I just finished a piece for Seeking Alpha that was published yesterday. In that article, I highlighted that opportunity may beckon in the China market, and suggested the iShares MSCI China ETF (MCHI) as a great tool with which to take advantage of such.
In this article, I’d like to expose you to a second ETF you may wish to consider. In my Seeking Alpha piece, I said that MCHI was not for the faint of heart, and that holds doubly true for my second offering as well. At the same time, it could open the door to even larger gains.
Say Hello To KWEB
This second ETF is the KraneShares CSI China Internet ETF (KWEB). Here is the stated goal of this particular ETF, as stated on its web page.
KWEB seeks to measure the performance of the investable universe of publicly traded China-based companies whose primary business or businesses are in the Internet and Internet-related sectors.
Put another way, KWEB seeks to track the Chinese equivalents of Google, Facebook, Twitter, eBay, Amazon and the like. Krane FundsAdvisors, LLC, the investment manager for KraneShares, is somewhat unique in that virtually its entire portfolio of ETFs focuses on China.
With an inception date of 7/31/2013, KWEB is not a new fund, but rather has an established track record. At .70%, its expense ratio is just slightly higher than MCHI’s .62%, not bad for a fund of this nature. According to its most recent fact sheet, as of 9/30/18, the fund has AUM of $1.834 billion and ETF.com shows it as having an average trading spread of .06%. Both of those numbers speak to solid size as well as liquidity.

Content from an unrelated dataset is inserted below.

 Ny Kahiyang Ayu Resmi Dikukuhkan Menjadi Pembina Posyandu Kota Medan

Here is a quick look at KWEB’s sector breakdown as well as its Top 10 holdings.
Here are a couple more “fun facts” for you to consider:
- Chinese retail web sales totaled US$1.14 trillion1 in 2017 (compared to US$453.5 billion3 in the United States), representing an increase of 32.2%.

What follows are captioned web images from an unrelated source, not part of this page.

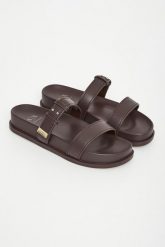 Klapki ARMANI EXCHANGE. Klapki damskie Armani Exchange, bez wzorów, bez obcasa, bez zapięcia. Za 629.00 zł.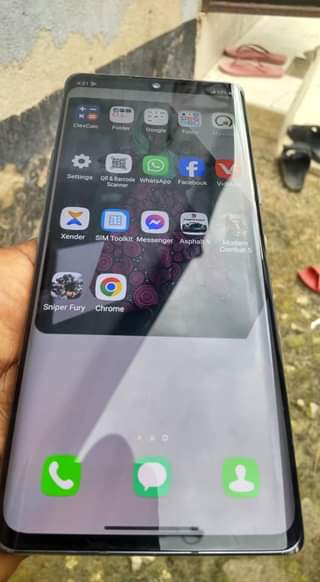 A picture of Lg valvet gb 128 ram 8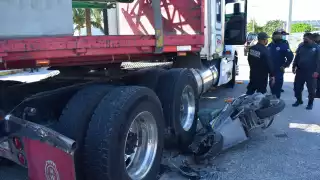 Motociclista en estado crítico tras impactar contra tráiler en Progreso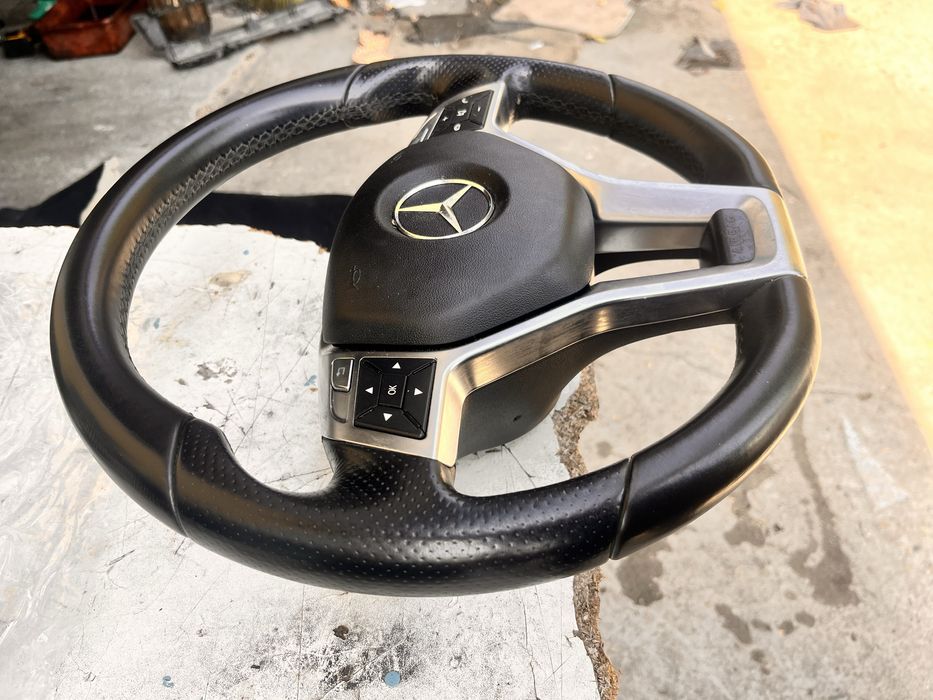 Волан АМГ Mercedes C W204 , E W212 и др.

- China’s internet population reached 721 million people, a penetration of only 52.2%2. The U.S. internet population reached 287 million people, a penetration rate of 88.5%
I was surprised by that first number, having no idea of the scope of Chinese retail web sales. And that second data point implies that there is plenty of room for growth as China’s middle class continues to expand.
Finally, courtesy of Yahoo Finance, here’s a nice graphic depicting the comparative performance of KWEB and MCHI over the past year.
As can be seen, KWEB is more volatile overall than MCHI, and has also taken even more of a price hit over the past couple of months. But if you were to expand that graphic to cover the past 2 years, for example, you would see that KWEB tends to have more upside when things are good.
So there you have it. Two ETFs with which to explore the opportunities that may beckon in the China market. MCHI is an extremely solid overall choice, but KWEB may offer even greater gains.